= Beginning of Section =

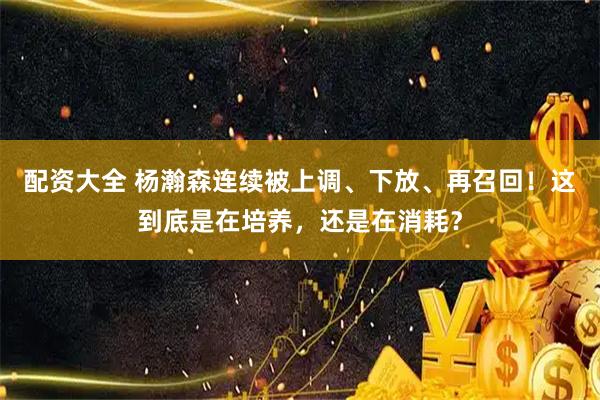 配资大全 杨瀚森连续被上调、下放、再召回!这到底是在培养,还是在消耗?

= End of Section =
= Beginning of Section =

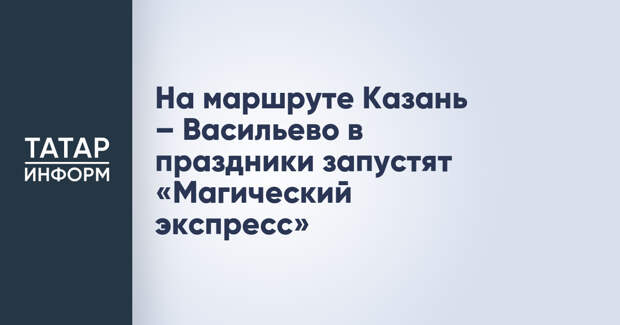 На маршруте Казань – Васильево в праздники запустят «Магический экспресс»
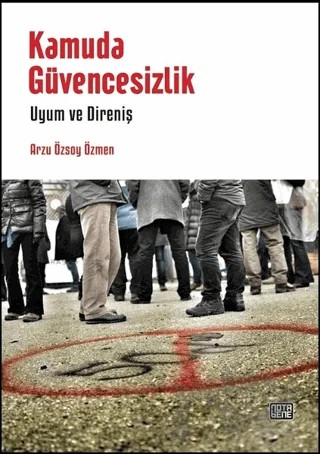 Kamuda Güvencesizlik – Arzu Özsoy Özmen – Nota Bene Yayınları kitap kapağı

= End of Section =

Quote the lines above exactly, starting with the one that has "На маршруте Казань" and ending with the one that has "Kamuda Güvencesizlik –"; drop the pictures and include nothing else.

■ EXERCISE ANSWER ■
 На маршруте Казань – Васильево в праздники запустят «Магический экспресс»
 Kamuda Güvencesizlik – Arzu Özsoy Özmen – Nota Bene Yayınları kitap kapağı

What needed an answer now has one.